Operations engineers sometimes use the term “operability” when they talk about the ingredients for fast, stable, maintainable applications. While operability is usually discussed in the context of back-end systems, there’s no reason instrumentation and observability should stop at the app server. This talk will take a broad look at what operability can mean in the context of the browser, and it’ll lay out the metrics and tools that are needed to have operable front end code. We’ll also look at some production situations where good client-side instrumentation uncovered an unexpected facet of performance, security, or user behavior. Finally, we’ll dig into how to employ all of these metrics and techniques in service of a faster, more responsive end user experience.

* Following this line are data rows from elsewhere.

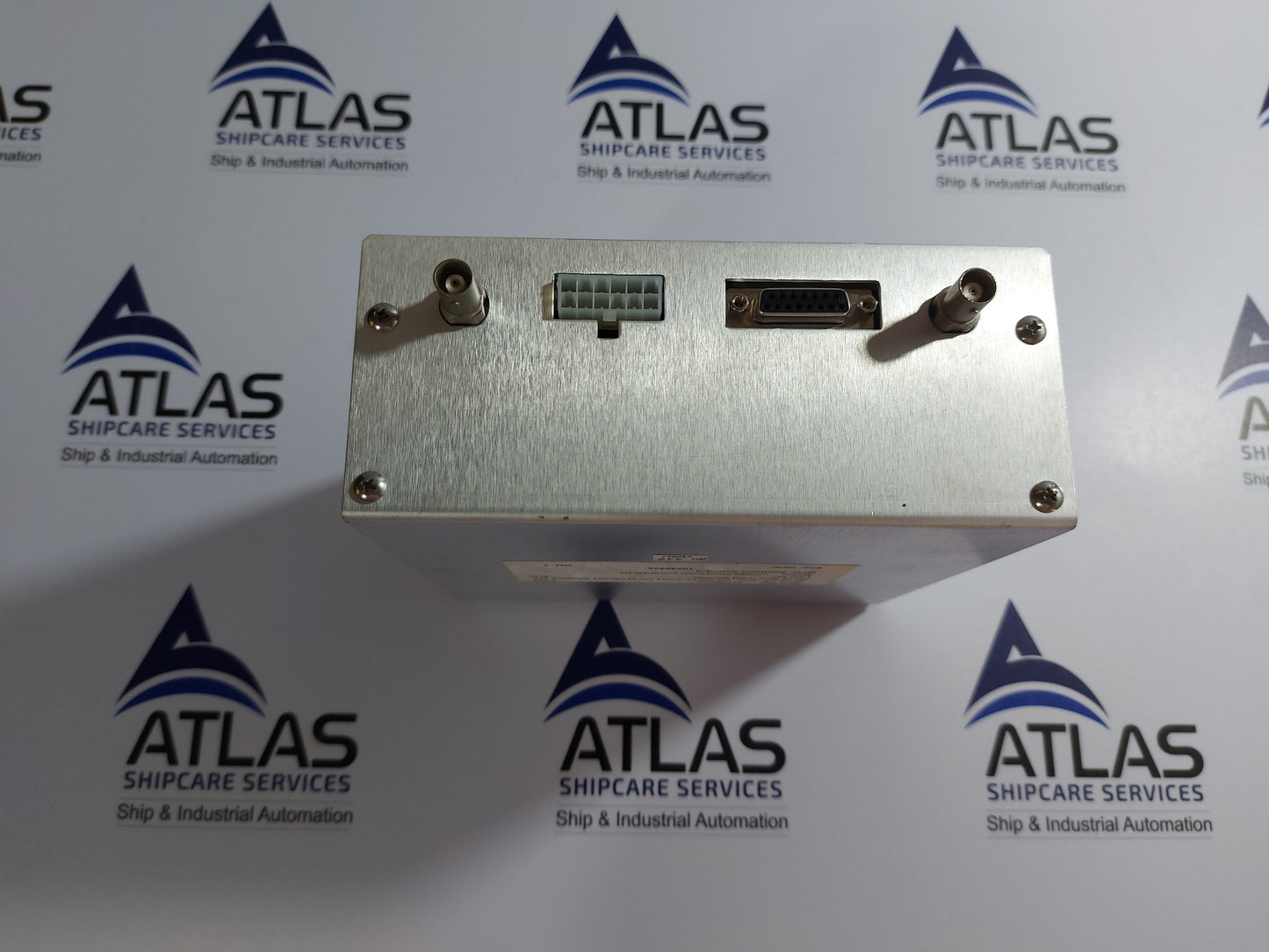 SAC SOUTHERN AVIONICS COMPANY SLE45000 SPA 125 WATT MODULE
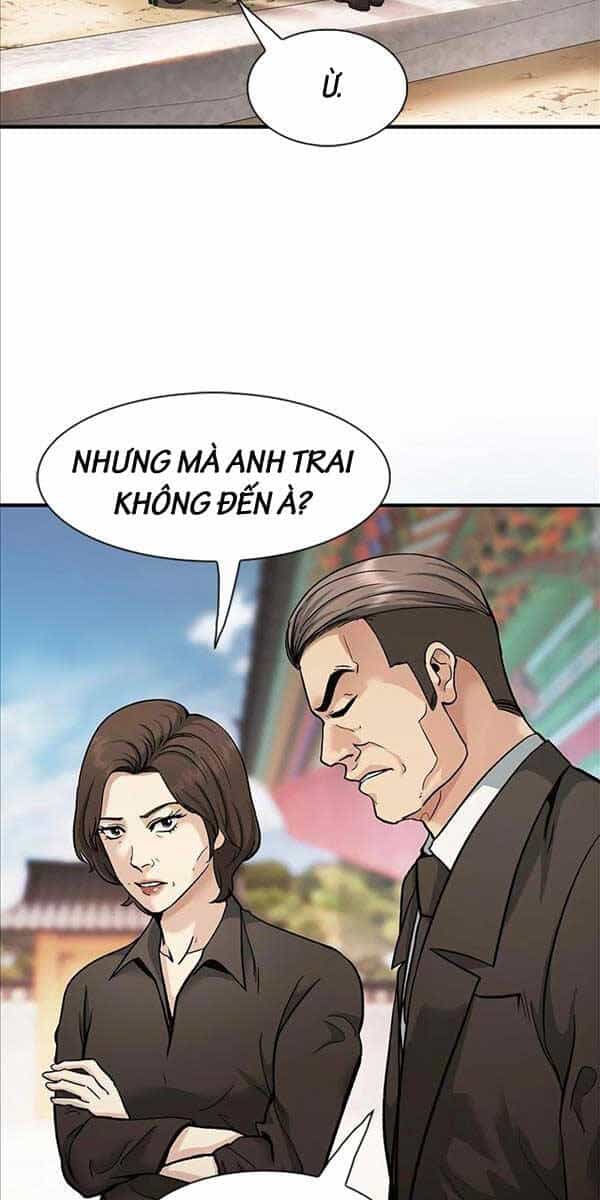 Chủ Tịch Kang: Người Mới Đến - Chương 5 - ảnh 36
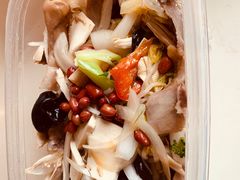-董小西的凉皮和椒麻鸡(三元桥店)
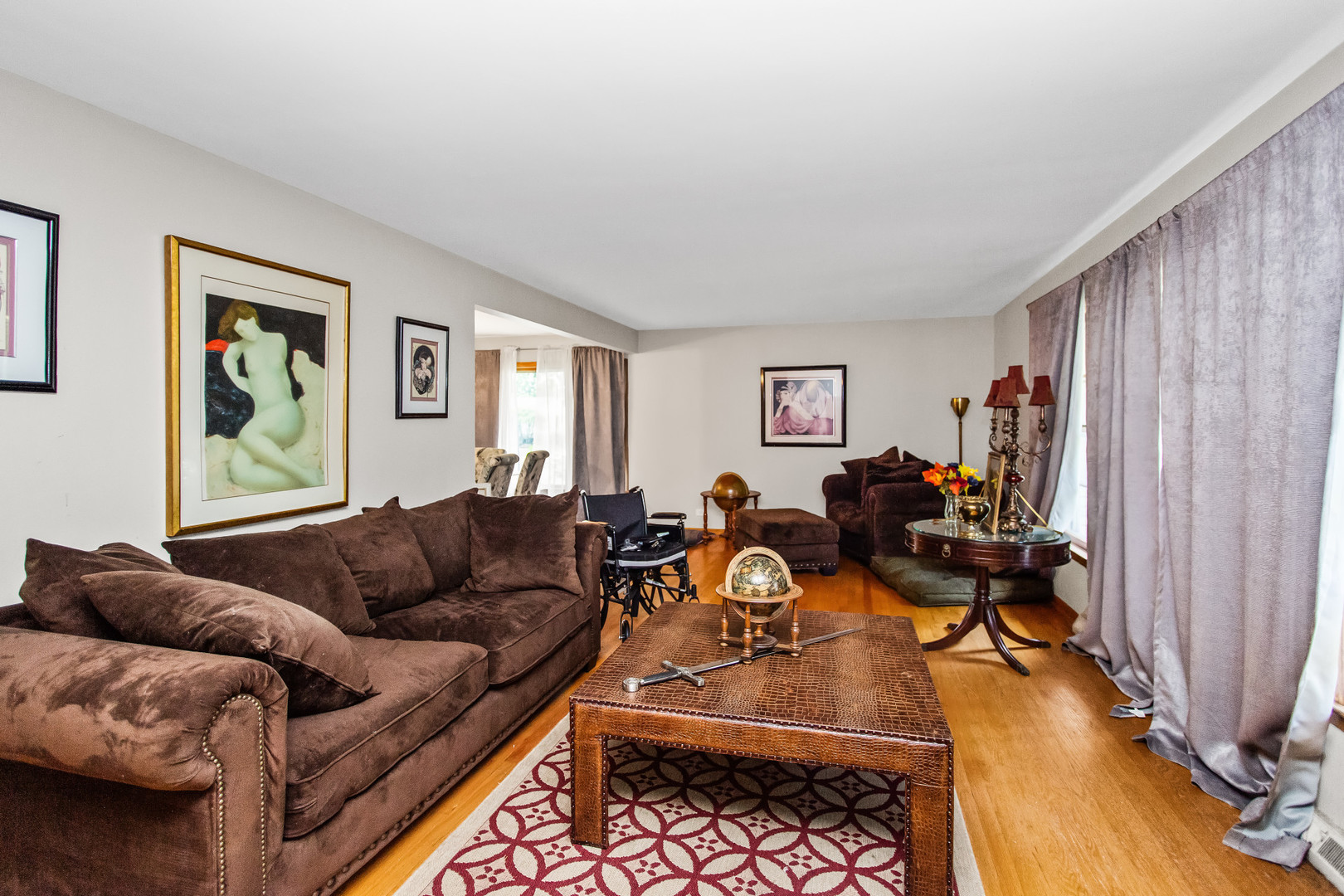 1525 Elm Street Park Ridge, IL 60068 - Photo 3 of 25 Gallery Image 3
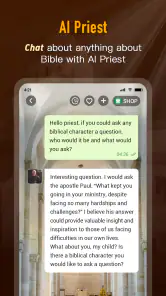 Bíblia Diária, Offline + Áudio screenshot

“make your software more operable” …whuh???
Build code to be more friendly to the build and release cycle.
Be able to:
Operability is about everything that happens after a feature is ready for production.
Automate things, test things, have monitoring endpoints, dashboard everything!
The attitude that used to be… (worked fine in dev, ops problem now – burning house girl meme)
…became “it’s a user problem now!” Understand that problems are an issue for everyone – the user, support team who has to field the calls, etc.
Notion of “frontend ops” – while not a common job title or well-defined role, it’s definitely a concept that is out there and should be discussed. It’s probably going to become more common as more code shifts from the back end into the front end.
(reference a smashing mag article from 2013 “front-end ops”)
Emily’s day starts by checking some dashboards. Looking for things which aren’t normal – a new pattern, a new error, something that’s a bit suspicious.
In one case she found a problem with a license text injection menu – a feature she didn’t even know existed! It was built before she joined and not a hugely popular feature. First thing she did was check the issue queue to see if a user has already spotted the issue (in this case, yes). She knew having just looked into it, she was “the company’s leading expert on this one bug…” so she was able to answer the issue, saving the support team a few minutes.
JS ERROR MONITORING
They have a short script that collects contextual information for JS errors. The browser provides lots of detail including message, filename, line number, the error and even a stack trace. Then they also grab document.ready state and time since load. Capture the target of the event (what were they clicking?).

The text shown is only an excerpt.